O remanescente no Novo Testamento

“Irou-se o dragão contra a mulher e foi pelejar contra os restantes de sua descendência, os que guardam os mandamentos de Deus e têm o testemunho de Jesus”

O conceito de remanescente é bastante desenvolvido no Antigo Testamento.[1] Os profetas usavam esse termo referindo-se ao que restava do povo depois de uma catástrofe, ou ao grupo de fiéis preservados em meio a uma apostasia generalizada. Os quatro substantivos mais usados (sr, ytr, plt e srd)[2] expressam, em seu conjunto, a ideia de resto, sobra ou sobrevivente. Isso poderia ter uma conotação negativa, em que nem o restante eventualmente sobreviveria; ou positiva, em que haveria descendência ou futuro.

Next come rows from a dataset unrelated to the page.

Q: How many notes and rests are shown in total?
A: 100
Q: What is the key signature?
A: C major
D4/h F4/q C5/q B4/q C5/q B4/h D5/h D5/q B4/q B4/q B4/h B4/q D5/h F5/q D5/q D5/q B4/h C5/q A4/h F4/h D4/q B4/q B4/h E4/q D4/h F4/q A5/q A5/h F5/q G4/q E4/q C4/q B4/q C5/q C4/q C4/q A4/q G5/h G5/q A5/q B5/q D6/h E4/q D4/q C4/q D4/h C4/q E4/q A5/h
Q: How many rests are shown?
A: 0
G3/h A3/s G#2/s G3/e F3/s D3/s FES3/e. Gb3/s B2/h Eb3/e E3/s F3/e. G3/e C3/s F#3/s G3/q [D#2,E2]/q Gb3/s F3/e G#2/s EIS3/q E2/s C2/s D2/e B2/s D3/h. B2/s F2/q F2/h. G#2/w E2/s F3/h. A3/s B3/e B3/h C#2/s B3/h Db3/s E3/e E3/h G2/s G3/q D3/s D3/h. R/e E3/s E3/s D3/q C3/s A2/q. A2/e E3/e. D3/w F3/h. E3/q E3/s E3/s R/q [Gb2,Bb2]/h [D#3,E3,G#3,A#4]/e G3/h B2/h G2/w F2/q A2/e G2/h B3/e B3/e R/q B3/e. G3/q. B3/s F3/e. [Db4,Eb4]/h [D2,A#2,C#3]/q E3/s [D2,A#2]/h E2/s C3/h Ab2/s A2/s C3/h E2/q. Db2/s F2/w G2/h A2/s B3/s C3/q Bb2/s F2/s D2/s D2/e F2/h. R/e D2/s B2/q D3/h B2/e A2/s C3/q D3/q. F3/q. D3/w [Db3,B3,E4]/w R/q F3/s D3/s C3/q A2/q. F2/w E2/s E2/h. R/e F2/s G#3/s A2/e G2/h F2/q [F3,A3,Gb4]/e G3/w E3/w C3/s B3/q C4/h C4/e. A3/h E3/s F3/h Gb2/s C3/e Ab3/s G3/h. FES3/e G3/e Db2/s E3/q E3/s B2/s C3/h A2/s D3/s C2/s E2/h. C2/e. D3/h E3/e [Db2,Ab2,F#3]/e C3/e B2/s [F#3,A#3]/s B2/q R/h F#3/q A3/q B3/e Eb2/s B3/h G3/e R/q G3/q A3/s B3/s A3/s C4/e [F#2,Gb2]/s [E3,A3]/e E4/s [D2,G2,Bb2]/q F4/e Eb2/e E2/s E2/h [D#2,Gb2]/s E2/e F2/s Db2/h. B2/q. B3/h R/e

No Novo Testamento, não há uso exaustivo de palavras técnicas como no Antigo Testamento. Alguns advogam que a noção de remanescente está implícita nos evangelhos com fortes associações ao Antigo Testamento; porém, sem um termo grego que a caracterize.[3] Mas existem significativas referências em Romanos 9-11, onde são usados os termos hupóleimma (Rm 9:27) e leimma (Rm 11:5). Outro termo, loipos, aparece muitas vezes em Apocalipse, descrevendo certos grupos de pessoas. Há também kataloipos, derivado de loipos. Há outras ocorrências dessas palavras no Novo Testamento, mas em contextos sem significado teológico específico.

Nos evangelhos e em Atos

Um ponto de partida para o conceito de remanescente no Novo Testamento é o nascimento de Cristo, que foi remanescente da matança dos bebês, ordenada por Herodes (Mt 2). Seus pais fugiram para o Egito e voltaram em cumprimento das palavras do profeta Oseias (Os 11:1; Mt 2:15). Assim, Jesus atualizou e completou o que Deus tinha previsto para Seu povo.[4] A mesma coisa aconteceu na época da tentação no deserto (Mt 4; Mc 1:12, 13; Lc 4) até a semana da paixão (Lc 9:31).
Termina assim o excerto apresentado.